Ora, quando os Positivistas derrubaram a Monarquia fizeram-no a partir da convicção de que o poder estabelecido não tem limites pelo fato de encarnar a "vontade geral", em decorrência do fato de terem sido balizadas as instituições republicanas na ciência. A aplicação sistemática desse princípio positivista à política nacional ocorreu por obra de Getúlio Vargas, que foi quem materializou a ideia da  ausência de limites para a soberania, herdado do castilhismo sul-riograndense. O Estado brasileiro getuliano tornou-se uma entidade todo-poderosa e mais forte do que a sociedade, pelo fato de ter ancorado na ciência aplicada mediante os Conselhos Técnicos Aplicados à Administração. Essa é a causa de todos os nossos males de deformação do espírito republicano, que Alexis de Tocqueville definia como "O reino tranquilo da maioria", enquanto que no Brasil passou a identificar-se com  "O reino intranquilo da minoria".

À luz do Estado tecnocrático todo-poderoso justificar-se-iam todas as medidas excepcionais tomadas pelos donos do poder para financiar as operações do lulopetismo, como as pedaladas fiscais.

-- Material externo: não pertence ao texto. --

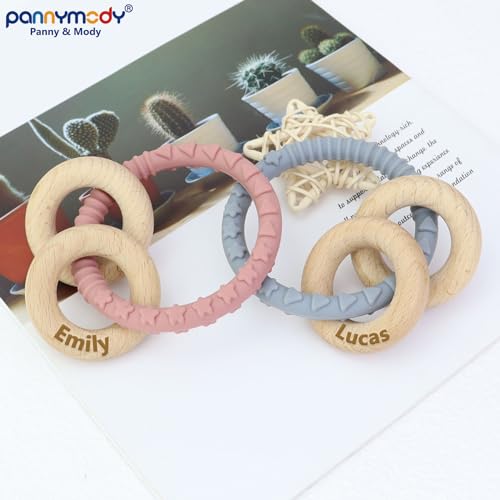 Personalized Name Baby Rattle Teether Ring Pink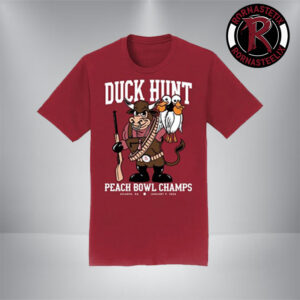 Indiana Hoosiers Chick Fil A Peach Bowl 2026 Champions Duck Hunt Mascot Unisex T Shirt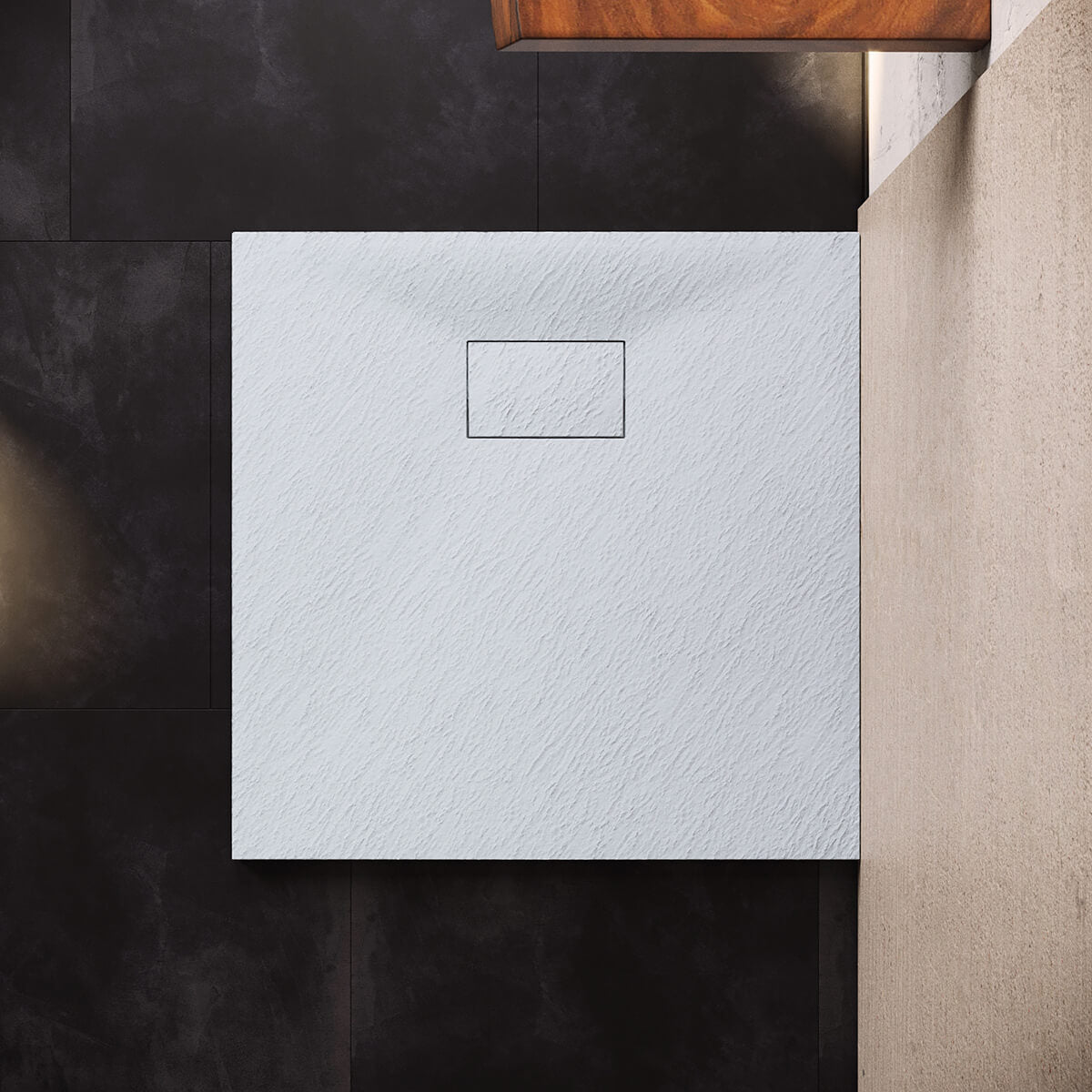 SONNI SMC Duschwanne 80-160cm Weiß Rechteckig Rutschfest Duschtasse mit Ablaufgarnitur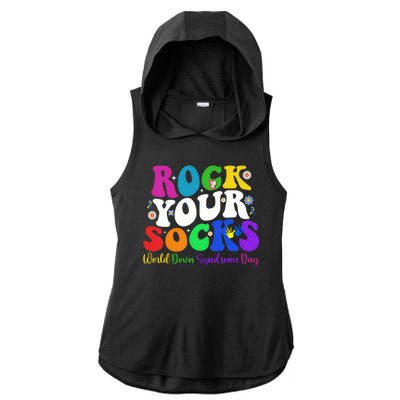 Groovy Rock Your Socks Down Syndrome Awareness Day Wdsd Ladies PosiCharge Tri-Blend Wicking Draft Hoodie Tank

E se explica, assim, de outro lado, a desfaçatez lulista que acha que não deve prestar contas a ninguém pelo fato de ter sido eleito pela maioria dos eleitores. Ora, a soberania é limitada e se restringe à gestão do Estado no sentido de preservar os direitos inalienáveis dos cidadãos, que continuam gozando dos seus direitos à vida, à liberdade e às posses, pois sobre eles não tem nenhum poder a "vontade geral" expressa no voto. Esta só se refere à organização, pelos governantes eleitos, das Instituições, com a finalidade de garantir os direitos inalienáveis dos cidadãos, que em nenhum momento podem ser espoliados deles.